Taq green master mix

S-nitroso-N-acetyl-penicillamine (SNAP), 3-[4,5-Dimethylthiazol-2-yl]-2,5-diphenyltetrazolium bromide (MTT),N^ω-nitro-L-arginine methyl ester (L-NAME), Griess reagent, and interleukin-1α(IL-1α) were purchased from Sigma-Aldrich (St. Louis, MO, USA). A microchemoattraction chamber (No. 3415; Transwell, Sigma-Aldrich) was purchased from Corning (Acton, MA, USA). Fetal bovine serum (FBS), Dulbecco's modified eagle's medium (DMEM), penicillin/streptomycin, and trypsin were purchased from Gibco (Invitrogen, Carlsbad, CA, USA). Primers for mRNA were obtained from Genet bio (Seoul, Korea). Trizol was purchased from Invitrogen and Taq Green Master Mix was purchased from Promega (Fitchburg, WI, USA). All other reagents and general lab chemicals were purchased from Sigma-Aldrich Chemical.

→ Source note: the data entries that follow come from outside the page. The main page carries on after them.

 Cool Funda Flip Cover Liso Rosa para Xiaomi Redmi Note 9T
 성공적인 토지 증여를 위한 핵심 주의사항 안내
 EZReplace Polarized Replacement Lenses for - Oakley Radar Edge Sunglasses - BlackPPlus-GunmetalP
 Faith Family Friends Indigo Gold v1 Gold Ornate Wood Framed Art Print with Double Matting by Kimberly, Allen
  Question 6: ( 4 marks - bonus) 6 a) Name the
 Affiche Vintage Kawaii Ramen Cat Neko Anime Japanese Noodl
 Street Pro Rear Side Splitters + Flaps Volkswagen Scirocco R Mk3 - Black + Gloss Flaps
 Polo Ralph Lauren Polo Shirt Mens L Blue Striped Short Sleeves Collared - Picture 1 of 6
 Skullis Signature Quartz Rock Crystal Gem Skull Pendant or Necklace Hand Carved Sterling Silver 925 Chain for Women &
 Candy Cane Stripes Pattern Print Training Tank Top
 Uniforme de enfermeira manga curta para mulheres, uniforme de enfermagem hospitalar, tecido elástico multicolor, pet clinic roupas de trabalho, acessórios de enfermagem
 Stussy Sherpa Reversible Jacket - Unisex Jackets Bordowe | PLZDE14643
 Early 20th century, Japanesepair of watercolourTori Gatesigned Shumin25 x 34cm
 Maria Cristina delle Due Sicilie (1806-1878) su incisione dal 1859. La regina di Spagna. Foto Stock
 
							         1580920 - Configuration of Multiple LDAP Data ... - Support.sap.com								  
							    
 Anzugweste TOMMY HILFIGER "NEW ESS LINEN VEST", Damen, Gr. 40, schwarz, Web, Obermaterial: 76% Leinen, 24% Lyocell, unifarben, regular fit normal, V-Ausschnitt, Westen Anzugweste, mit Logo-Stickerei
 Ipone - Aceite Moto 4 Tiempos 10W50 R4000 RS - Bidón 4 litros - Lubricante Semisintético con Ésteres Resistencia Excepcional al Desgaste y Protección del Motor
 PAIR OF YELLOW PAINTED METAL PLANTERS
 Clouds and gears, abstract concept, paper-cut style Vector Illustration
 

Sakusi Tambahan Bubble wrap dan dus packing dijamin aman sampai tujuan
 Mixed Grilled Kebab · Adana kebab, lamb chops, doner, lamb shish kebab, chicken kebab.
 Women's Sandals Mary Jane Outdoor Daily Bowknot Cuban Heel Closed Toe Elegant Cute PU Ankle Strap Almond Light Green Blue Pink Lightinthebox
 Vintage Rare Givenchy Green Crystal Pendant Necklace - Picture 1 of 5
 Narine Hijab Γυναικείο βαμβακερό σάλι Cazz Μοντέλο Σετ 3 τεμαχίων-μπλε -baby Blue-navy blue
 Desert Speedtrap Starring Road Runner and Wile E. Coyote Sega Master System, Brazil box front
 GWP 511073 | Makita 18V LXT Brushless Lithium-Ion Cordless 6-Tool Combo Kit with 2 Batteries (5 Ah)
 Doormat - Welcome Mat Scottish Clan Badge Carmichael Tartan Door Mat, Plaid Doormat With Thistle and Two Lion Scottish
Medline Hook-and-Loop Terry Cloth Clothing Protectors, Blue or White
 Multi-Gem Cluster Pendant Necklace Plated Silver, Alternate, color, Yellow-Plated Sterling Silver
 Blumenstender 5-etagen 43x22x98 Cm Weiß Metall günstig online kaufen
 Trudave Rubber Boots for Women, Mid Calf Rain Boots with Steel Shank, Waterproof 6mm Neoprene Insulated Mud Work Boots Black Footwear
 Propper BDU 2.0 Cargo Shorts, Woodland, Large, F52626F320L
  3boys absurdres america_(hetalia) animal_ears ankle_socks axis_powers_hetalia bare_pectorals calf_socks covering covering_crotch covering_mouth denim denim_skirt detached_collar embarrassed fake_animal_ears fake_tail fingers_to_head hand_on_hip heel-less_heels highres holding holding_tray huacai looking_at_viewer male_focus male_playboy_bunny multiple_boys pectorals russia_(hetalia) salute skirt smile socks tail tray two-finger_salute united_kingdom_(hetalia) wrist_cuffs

Total RNA was extracted with Trizol (Invitrogen, Carlsbad, CA, USA). Northern blot analysis to measure the mRNA expression of lipoprotein lipase (LPL) and PPARγ2 was performed before and after the growth arrest to evaluate the effects of PGs on early differentiation. Briefly, an RNA denaturation mix composed of isolated RNA, oligo dT primer, and nuclease-free water was used to denature the RNA. The polymerase chain reaction (PCR) primer pairs for cDNA amplification were as follows: LPL (forward) 5'-TGCCGCTGTTTTGTTTTACC-3' and (reverse) 5'-TCACAGTTTCTGCTCCCAGC-3', PPARγ2 (forward) 5'-TGCCGCTGTTTTGTTTTACC-3' and (reverse) 5'-AATCAGCAACCATTGGGTCA-3'. cDNA was synthesized by adding prime RT premix (Genet Bio). Taq Green Master Mix (Promega, Madison, WI, USA) and 10 pmol of forward primer and reverse primer were added to the synthesized cDNA, and amplified with annealing for 30 cycles with DNAEngine cycler (Bio-Rad, Hercules, CA, USA). The DNA band of amplified PCR products was analyzed by multi-Gauze (Fujifilm, Tokyo, Japan) after electrophoresis. The level of β-actin was used as an internal standard.